**PROBLEM REQUIREMENTS**
Please, from the entries below, transcribe exactly the lines that begin at the line with "92 lbs Cons." and end at the line with "Skull Sleeve Zip", without the pictures.

**RECORD EXCERPTS**
● ● ● ● ● ● ●

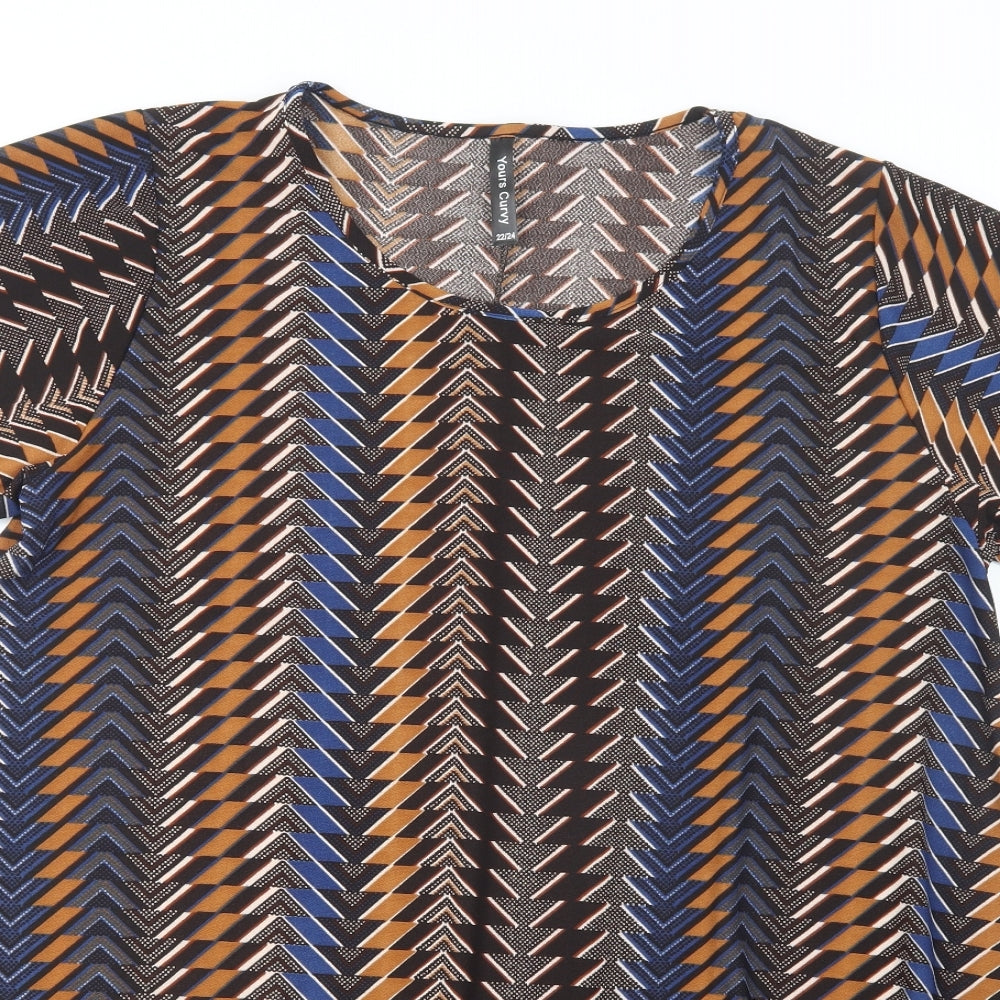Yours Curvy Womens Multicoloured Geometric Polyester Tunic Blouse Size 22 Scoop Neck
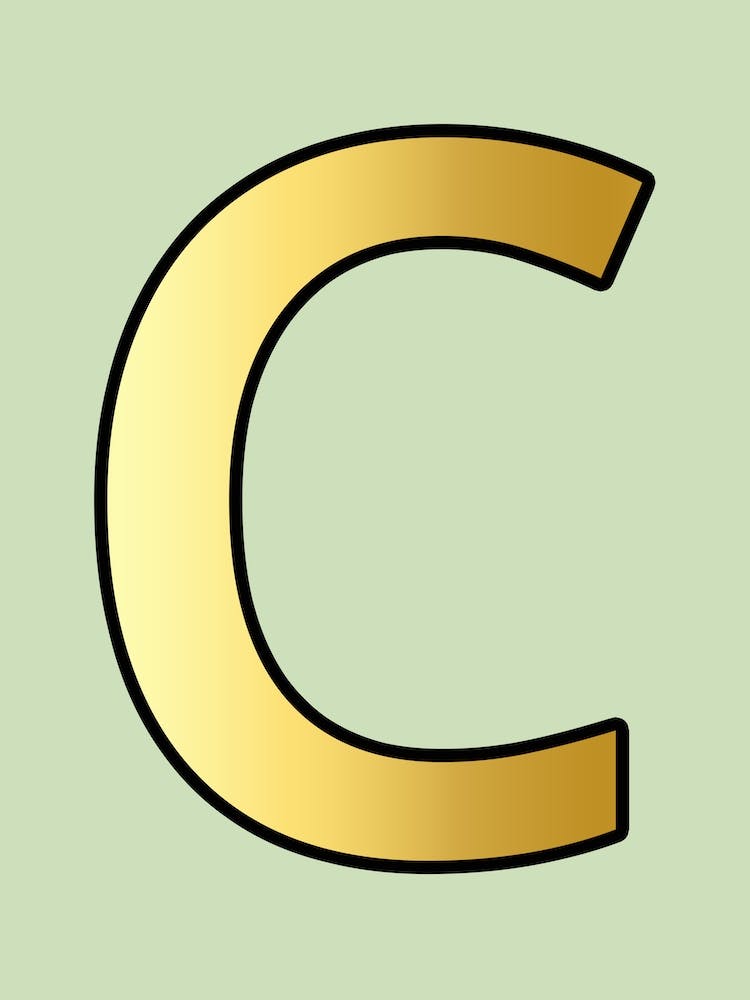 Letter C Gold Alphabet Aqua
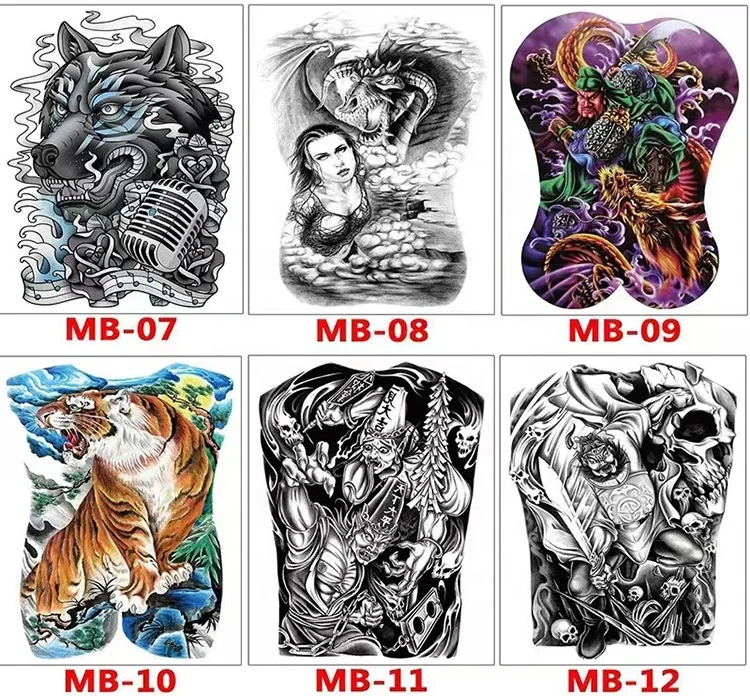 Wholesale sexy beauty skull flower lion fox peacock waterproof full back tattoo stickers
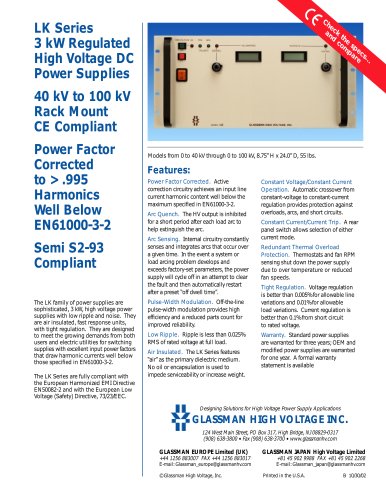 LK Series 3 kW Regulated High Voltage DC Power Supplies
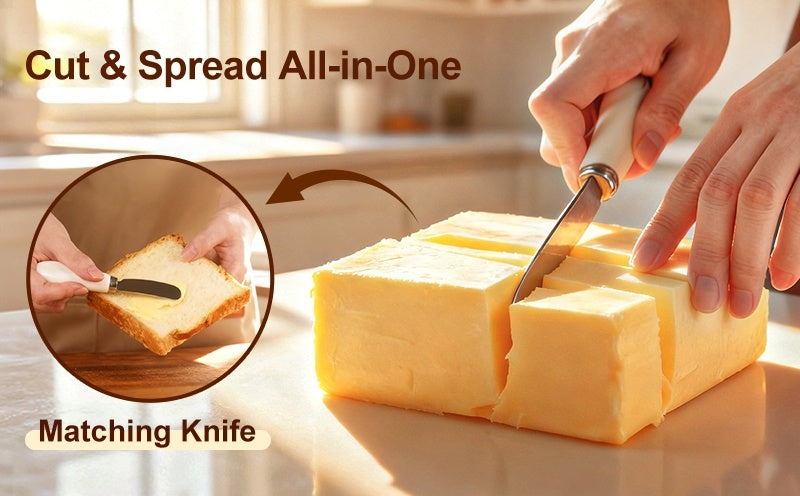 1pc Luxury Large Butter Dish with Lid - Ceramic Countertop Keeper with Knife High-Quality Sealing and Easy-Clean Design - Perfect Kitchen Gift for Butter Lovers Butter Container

● ● ● ● ● ● ●

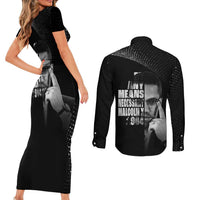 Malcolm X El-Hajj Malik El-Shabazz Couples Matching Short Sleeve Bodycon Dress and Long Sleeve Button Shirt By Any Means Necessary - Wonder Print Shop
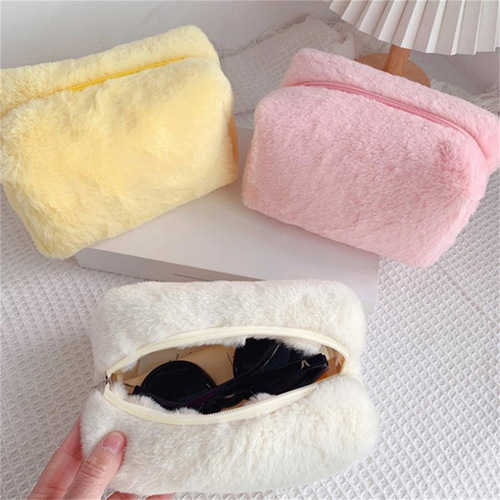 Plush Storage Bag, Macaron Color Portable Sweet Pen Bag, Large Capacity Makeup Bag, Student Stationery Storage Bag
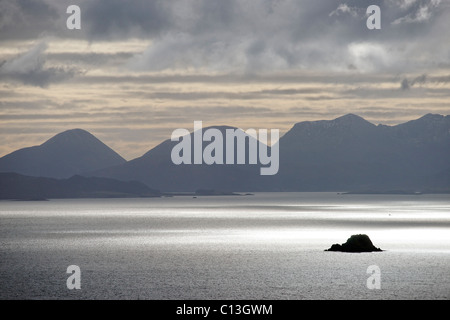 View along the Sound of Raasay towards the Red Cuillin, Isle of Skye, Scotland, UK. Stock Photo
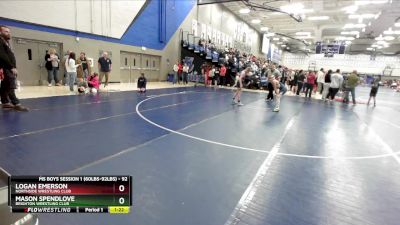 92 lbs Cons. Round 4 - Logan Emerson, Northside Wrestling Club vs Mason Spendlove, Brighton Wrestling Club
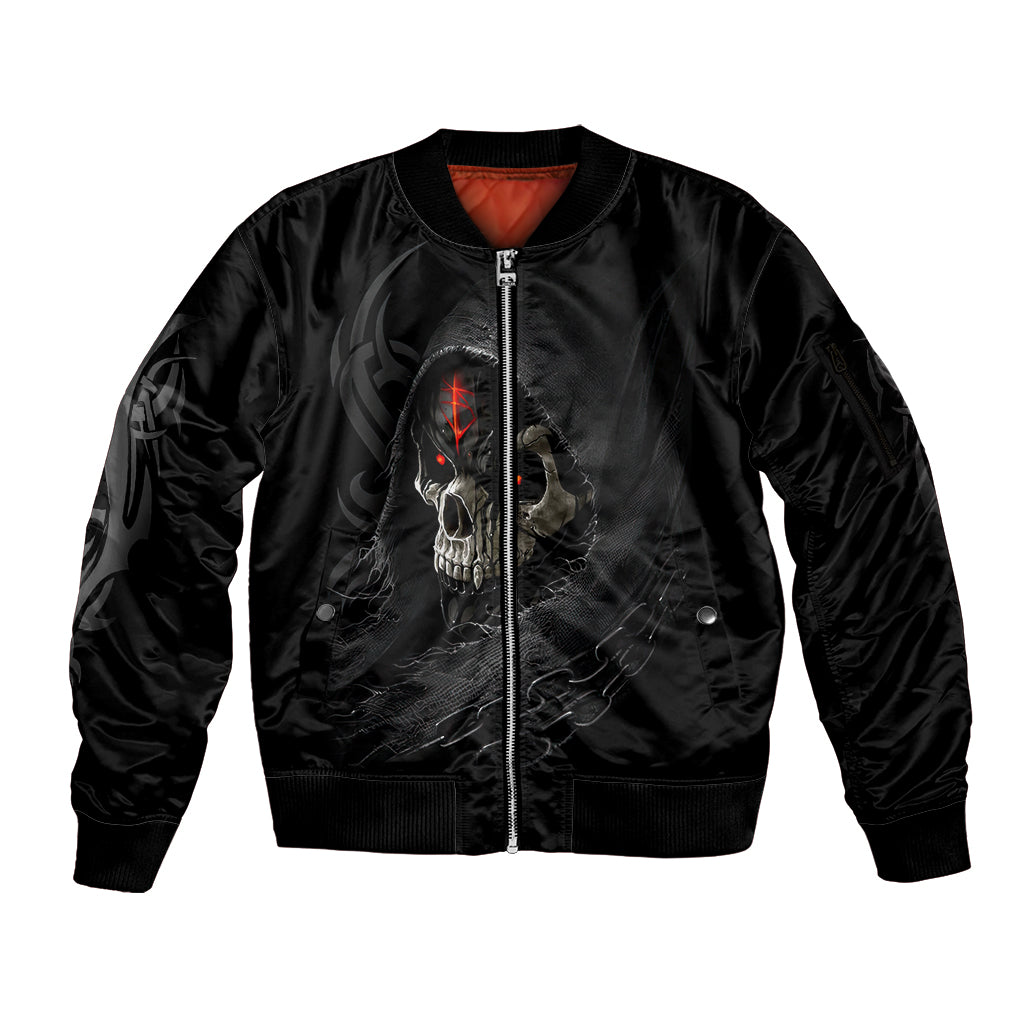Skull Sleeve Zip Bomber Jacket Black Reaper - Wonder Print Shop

● ● ● ● ● ● ●

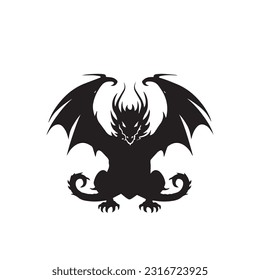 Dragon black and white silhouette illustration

● ● ● ● ● ● ●

**SOLVED PROBLEM**
 92 lbs Cons. Round 4 - Logan Emerson, Northside Wrestling Club vs Mason Spendlove, Brighton Wrestling Club
Skull Sleeve Zip Bomber Jacket Black Reaper - Wonder Print Shop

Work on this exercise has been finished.